Et c’est avec mesure et souplesse que Gérald peut, dans la discrétion, faire signe vers ce qui doit interroger l’Histoire, la déconstruire presque, pour utiliser un terme à la mode, il y a quelques années. Les couleurs n’acceptent pas toutes le mélange, c’est certain, mais la palette des nuances est subtile. Et les tons de Gérald sont lumineux, transparents, sans nécessité de forcer, d’exagérer l’intensité. Il vaut mieux laisser venir, pour rendre un monde possible, habitable même, par ton regard amoureux, bien sûr. Celui qui fait que je tiens au monde. Et de fait les a priori tombe. Il n’y a pas une technique plus simple qu’une autre, il n’y a pas une matière plus noble mais simplement l’idée de se colleter à une technique pour qu’elle exprime tout ce que l’artiste est en mesure de faire surgir. Et s’il fallait « monter la gamme [des couleurs] à l’aigu », pourquoi comprendre cette spécificité de la technique comme une entrave ? Dans l’Histoire de l’aquarelle, il doit déjà être question d’un surgissement sur lequel je reviendrai, quand tu me le demanderas, peut-être.
 
4
Le mot Passage encore est un lien, un motif, une figuration.
Pour dire cela Gérald emploie le mot errance en ce qu’il dit une double traversée du paysage comme de la figuration.
Traversée du paysage, d’abord. C’est l’image du voyageur, celle que notre imaginaire associe peut-être à des expressions plus ou moins mythiques (le Juif errant, Le Voyageur de Caspar David Friedrich ou Le Voyage d’hiver de Franz Schubert sur un cycle de 24 poèmes de Wilhelm Müller.) Je crois pourtant que ces références ne sont pas directement présentes dans le travail de Gérald, qu’elles sont peut-être un arrière-plan lointain, un vague continent qui n’ouvre qu’un accès fortuit à l’œuvre. L’errance, pour Gérald est plus immédiate ; pour un peu, elle se passe de références. J’y entendrais plus volontiers une sorte d’invitation (au voyage, bien sûr, je t’entends qui complètes ma phrase !) : le regard est ce qui permet, dans la marche ou dans la contemplation, de prendre place dans le paysage.

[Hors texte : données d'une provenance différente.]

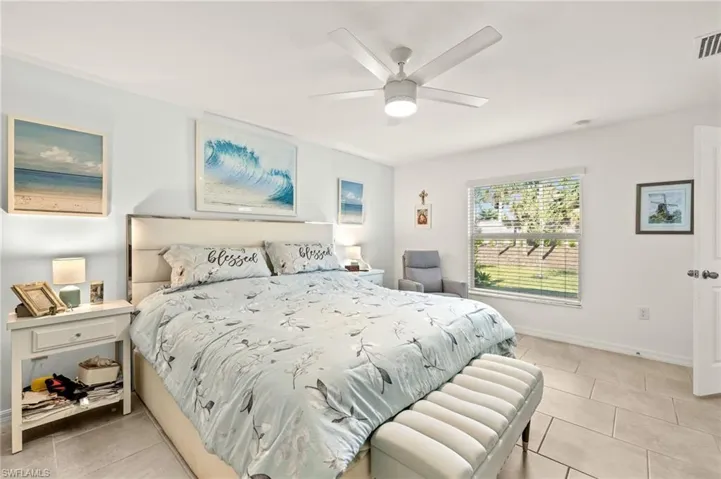 3813 Treasure Oak Way, Fort Myers, Florida 33905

Et aussitôt, le second aspect de cette errance. D’une aquarelle à une autre, il n’y a aucun souci de représentation. C’est une force essentielle parce qu’elle déjoue la réticence historique que certains esprits chagrins pourraient encore avoir au sujet de cette matière. Pas de souci de représentation, pas d’emprisonnement dans ce que la tradition critique nomme mimêsis. Et de fait, toutes les accusions des dictionnaires nommés plus haut tombent. Les aquarelles nomment des espaces (l’eau, la terre, le ciel…) et les font résonner par notre regard, es-tu d’accord ?
Le double aspect de l’errance affirmer comme un mouvement vers l’utopie, au sens premier de ce terme, un mouvement vers un non-lieu qui pourrait devenir le lieu commun de l’apaisement et, peut-être aussi, celui de la consolation, le moment précis où, pour nous l’errance est passage, quand il n’y a plus analogie entre les deux termes, mais rencontre.

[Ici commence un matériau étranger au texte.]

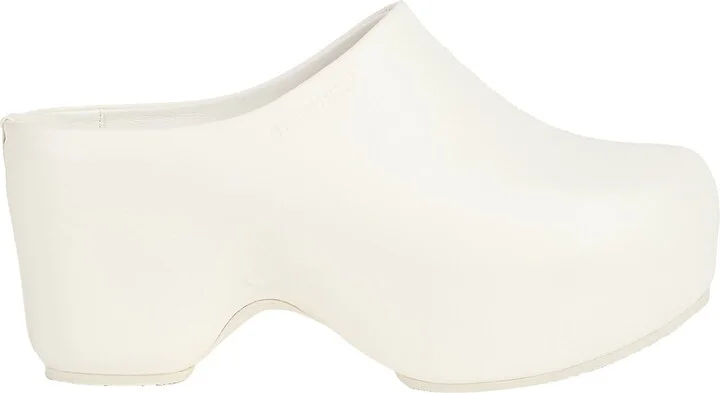 Givenchy Woman Mules & Clogs - Image 3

Et avec la construction de cette errance-passage, s’impose le fait de s’avancer vers le motif et presque de mettre le nez sur les aquarelles. L’ancien français avait d’ailleurs un mot pour lier passage, errance et nécessité d’avancer, c’est l’erroi que j’aime à faire résonner pour toi, en roulant bien les « r » pour, je le sais, te voir sourire.
 
5
Il y a de l’improvisation dans le Passage.
Comme dans l’errance. (En est-il autrement de ce texte ?)
Papier, eau, couleurs : la maîtrise ne va pas de soi, elle dépend de la rencontre de l’instant magique, du hasard, du petit bonheur, de tout ce que seul le travail assidu est en mesure de faire naître. Précisément ce qui est improvisation dans le cadre rigoureux de l’expérience.
Quand Gérald Kerguillec commence une aquarelle, il ne sait pas dans quel pays, elle le conduit, dans quel mouvement. Le travail d’effacement du trop-plein est incertain. Il invente un paysage presque indépendamment de toute décision volontariste.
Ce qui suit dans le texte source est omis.